Opening up any access from the outside world into your home network is tempting fate. There are three basic things I'm doing to mitigate any disasters, in this regard:
- Severely limit traffic that gets through the NAT: I configured my network router to only allow traffic in on port 80, and only to one particular host on my network, which gets a static internal IP address that's mapped to its hardware MAC address.
- Lock down the servers themselves: In addition to configuring firewalls on all devices on my network, and only installing the minimal set of packages required, I have the Raspberry Pis configured in such a way that someone would need to get full root access to the load balancer (which is the only device reachable from the outside world) to do anything remotely nasty.
- Try to not offend people: Seriously, this is probably the biggest risk for most sites today—if you offend some terrorist group or organization, or even some random guy who has some free time on his hands, he can take down your site in a bunch of different ways (even if not permanently). I usually keep a low profile, and don't do anything that would make me a target for a hack attempt (hopefully)!

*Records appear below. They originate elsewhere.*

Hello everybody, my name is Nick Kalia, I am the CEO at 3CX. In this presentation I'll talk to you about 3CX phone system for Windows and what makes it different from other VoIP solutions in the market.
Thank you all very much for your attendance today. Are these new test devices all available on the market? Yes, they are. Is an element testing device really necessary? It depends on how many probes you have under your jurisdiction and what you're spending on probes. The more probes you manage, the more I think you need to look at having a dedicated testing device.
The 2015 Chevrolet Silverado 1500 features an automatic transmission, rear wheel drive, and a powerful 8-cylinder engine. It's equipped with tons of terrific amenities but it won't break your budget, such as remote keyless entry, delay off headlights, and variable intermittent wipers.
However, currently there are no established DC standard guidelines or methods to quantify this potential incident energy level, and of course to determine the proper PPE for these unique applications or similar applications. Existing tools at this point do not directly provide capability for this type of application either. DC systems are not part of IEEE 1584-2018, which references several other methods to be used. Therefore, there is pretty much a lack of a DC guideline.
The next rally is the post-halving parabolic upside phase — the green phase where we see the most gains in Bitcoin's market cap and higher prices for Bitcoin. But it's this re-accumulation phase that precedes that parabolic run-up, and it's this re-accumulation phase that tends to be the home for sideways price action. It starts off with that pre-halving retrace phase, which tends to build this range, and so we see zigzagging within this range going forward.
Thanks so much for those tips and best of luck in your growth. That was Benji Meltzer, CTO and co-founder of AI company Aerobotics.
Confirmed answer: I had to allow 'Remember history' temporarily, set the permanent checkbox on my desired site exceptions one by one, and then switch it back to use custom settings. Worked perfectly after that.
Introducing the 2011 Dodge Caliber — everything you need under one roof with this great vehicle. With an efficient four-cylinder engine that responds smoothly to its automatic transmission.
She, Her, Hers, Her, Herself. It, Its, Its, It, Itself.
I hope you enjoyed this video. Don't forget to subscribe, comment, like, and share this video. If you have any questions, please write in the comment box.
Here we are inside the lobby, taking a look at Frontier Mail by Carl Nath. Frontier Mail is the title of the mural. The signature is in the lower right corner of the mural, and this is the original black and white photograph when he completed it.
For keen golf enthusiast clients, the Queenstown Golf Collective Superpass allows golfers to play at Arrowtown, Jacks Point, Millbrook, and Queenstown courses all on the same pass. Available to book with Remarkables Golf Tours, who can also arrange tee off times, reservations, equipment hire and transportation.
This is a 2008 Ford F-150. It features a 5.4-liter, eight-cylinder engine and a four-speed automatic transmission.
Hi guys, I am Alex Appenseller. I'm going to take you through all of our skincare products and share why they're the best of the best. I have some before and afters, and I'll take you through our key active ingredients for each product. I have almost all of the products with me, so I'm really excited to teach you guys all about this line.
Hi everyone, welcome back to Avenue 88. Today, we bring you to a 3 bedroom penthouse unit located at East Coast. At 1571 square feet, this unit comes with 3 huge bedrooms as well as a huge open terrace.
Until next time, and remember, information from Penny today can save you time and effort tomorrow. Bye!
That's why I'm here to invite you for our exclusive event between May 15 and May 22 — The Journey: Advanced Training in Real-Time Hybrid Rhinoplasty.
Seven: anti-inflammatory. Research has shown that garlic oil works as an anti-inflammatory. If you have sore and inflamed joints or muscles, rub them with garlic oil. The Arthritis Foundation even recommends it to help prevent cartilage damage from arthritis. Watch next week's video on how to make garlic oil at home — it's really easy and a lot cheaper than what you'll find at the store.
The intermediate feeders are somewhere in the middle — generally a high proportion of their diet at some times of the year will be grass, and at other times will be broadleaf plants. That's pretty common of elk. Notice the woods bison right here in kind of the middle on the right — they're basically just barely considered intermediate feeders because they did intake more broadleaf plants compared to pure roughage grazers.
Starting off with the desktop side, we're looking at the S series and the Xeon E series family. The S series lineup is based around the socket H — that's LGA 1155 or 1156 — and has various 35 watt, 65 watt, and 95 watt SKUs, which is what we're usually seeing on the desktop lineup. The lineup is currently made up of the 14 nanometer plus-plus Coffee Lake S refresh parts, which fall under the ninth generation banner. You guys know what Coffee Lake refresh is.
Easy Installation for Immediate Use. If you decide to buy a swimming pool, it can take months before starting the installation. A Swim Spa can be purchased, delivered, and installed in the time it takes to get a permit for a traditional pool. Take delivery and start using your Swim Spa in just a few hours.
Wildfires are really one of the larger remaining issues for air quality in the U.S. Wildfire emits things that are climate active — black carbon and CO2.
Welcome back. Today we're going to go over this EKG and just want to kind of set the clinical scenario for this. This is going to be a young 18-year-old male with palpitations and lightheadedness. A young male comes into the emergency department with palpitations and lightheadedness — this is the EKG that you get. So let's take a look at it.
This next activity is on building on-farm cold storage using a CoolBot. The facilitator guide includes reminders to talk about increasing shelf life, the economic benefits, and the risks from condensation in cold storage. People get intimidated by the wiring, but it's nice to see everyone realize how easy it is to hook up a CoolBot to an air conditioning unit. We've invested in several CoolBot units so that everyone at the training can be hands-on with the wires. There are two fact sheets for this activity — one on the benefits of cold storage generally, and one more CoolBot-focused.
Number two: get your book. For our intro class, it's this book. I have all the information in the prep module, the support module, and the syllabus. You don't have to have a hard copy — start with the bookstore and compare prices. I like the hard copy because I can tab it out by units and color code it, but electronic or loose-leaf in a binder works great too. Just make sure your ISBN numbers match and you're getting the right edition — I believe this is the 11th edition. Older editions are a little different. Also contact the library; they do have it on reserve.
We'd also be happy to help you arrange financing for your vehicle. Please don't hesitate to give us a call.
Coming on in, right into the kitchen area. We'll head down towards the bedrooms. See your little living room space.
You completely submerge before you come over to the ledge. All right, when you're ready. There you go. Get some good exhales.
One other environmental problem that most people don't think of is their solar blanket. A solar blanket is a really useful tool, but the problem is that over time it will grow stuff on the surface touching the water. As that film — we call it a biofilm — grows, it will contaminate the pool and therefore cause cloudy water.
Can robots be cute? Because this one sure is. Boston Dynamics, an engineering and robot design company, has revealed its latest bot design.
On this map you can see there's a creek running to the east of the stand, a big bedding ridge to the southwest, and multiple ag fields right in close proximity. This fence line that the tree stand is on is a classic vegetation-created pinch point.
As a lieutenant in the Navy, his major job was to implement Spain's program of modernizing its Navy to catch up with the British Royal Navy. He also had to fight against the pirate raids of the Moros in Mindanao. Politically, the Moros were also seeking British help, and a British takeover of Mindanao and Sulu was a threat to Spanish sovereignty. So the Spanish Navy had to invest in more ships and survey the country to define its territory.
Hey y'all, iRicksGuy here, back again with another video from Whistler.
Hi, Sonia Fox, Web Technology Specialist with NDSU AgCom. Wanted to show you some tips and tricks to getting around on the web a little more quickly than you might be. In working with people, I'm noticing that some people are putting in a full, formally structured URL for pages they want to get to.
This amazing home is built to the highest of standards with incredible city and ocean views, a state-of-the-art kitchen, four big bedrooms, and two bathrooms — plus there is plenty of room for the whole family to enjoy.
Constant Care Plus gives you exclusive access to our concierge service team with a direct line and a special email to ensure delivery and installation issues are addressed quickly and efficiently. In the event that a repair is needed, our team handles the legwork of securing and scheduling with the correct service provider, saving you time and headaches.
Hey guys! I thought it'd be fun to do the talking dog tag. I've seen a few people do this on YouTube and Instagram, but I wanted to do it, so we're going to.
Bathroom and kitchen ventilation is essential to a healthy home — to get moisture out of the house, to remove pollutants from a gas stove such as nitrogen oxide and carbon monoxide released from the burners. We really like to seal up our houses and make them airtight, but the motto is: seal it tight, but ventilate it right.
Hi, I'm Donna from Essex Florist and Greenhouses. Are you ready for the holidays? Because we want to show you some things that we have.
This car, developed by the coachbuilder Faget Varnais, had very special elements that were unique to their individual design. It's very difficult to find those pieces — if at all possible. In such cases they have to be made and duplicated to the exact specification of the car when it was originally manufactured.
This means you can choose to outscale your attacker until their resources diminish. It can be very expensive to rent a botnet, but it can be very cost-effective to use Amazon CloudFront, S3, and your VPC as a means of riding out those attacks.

All these points being made—no device that's connected to the Internet is ever 100% safe, this cluster of Raspberry Pis included! I am monitoring traffic and authorization attempts on the cluster of Pis, and have some munin monitoring enabled on other devices on my home network so I can generally see when strange things are happening.
Overcoming Bandwidth Limitations
With severely limited upstream bandwidth (I generally get 4-5 Mbps on a good day), and only ~100 Mbps downstream, every bit counts. Therefore I'm doing the following to conserve bandwidth usage (especially considering I also need to use the same shared bandwidth for my personal and work needs!):
- Host images and other 'heavy' resources, when possible, on external domains (so those requests don't need to be served through my home connection).
- Configure Nginx to gzip resources and send traffic in as efficient a manner as possible.
- Set caching correctly for all elements, so browsers (and potentially CDNs in the future) can cache content and static resources effectively. The fastest request possible is the one that's served from the end-user's browser cache!
I hope someday to get much, much better Internet upload speeds, as that's my biggest pain point. I don't do 'bundles' so I can't get something like AT&T U-verse with the higher upload speeds (but much slower download), and so far nobody offers fiber-to-the-home in this area of St. Louis :(
There are some other things that I can (and may someday) do to make this site even more reliable and highly available, like use a CDN like CloudFlare (edit: I'm not using CloudFlare!) to host a distributed cache. That way, even if the site goes down momentarily, most people will still see all the content. For the purposes of this site, and my own fun, that's a little like cheating, though. What's the fun in hosting a site in your house if 99% of the traffic never reaches your house?
I may also be able to get a secondary ISP and figure out a good way to either share bandwidth or configure a failover so the Dramble can serve traffic over either ISP's connection. This costs a bit of extra money, though, and would be a lot of hassle for a feature that I don't care about too much.